They say that children are inherently compassionate and have a natural tendency to share, which is perfect for parents who want their children to grow up to be empathetic, charitable adults who make a conscious effort to positively contribute to society. While charities and nonprofits benefit from children and teens’ generosity and effort, philanthropy also has been scientifically proven to improve a child’s development. President and founder of Dollar Smart Kids Enterprises, Inc. Nancy Phillips explains that once your children see that they have the capacity to help others, whether it be in their community or across the globe, they’ll realize that they possess the power to make a positive difference in the world, boosting their self-esteem and self-confidence.
If you’re not sure where to start, here are a couple tips in guiding your children to become philanthropists.
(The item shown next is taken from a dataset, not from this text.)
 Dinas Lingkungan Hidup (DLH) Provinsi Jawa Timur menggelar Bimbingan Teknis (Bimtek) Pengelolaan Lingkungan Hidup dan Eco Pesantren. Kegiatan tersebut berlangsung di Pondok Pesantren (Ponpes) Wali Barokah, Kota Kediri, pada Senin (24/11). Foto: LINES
Introduce them to charities early on. The best time to start talking about donations and giving is between the ages of three to five, or their formative years. This is when you can discuss the importance of money and how it can help others, even if they aren’t old enough for an allowance.
Help children that are similar in age as your own. Volunteering at an orphanage, helping students at an afterschool program, or even exposing them to child sponsorships in war-torn countries will allow your kids to imagine themselves in the impoverished or at-risk children’s shoes, therefore developing a deeper understanding of the world’s injustices.
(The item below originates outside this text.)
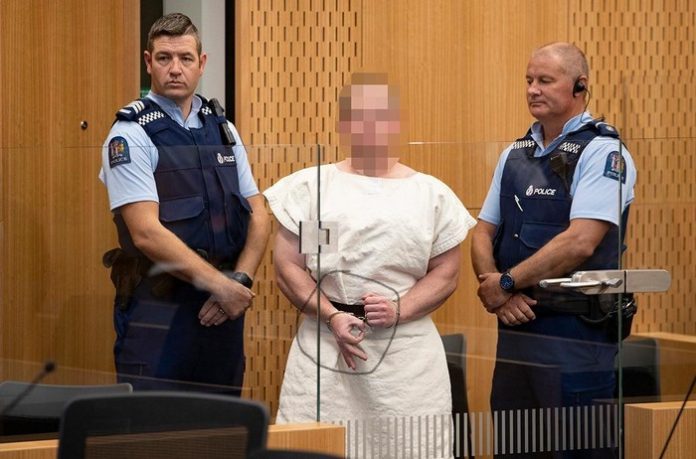 Убиецот од Нов Зеланд влезе во суд насмеан и покажа симбол на „супериорната“ бела раса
Get friends and family involved. To make volunteering a more enjoyable experience, turn it into an opportunity for family bonding or invite your children’s friends along. As parenting expert and educational psychologist Dr. Michele Borba said, “The more people in the group, the more energy they have to make a difference.”
Plan a volunteer vacation. Author of Raising Charitable Children Carol Weisman suggests that families use their time off with a volunteer vacation so that the whole family can dedicate a good amount of time for a good cause while also being productive and spending quality time with the family.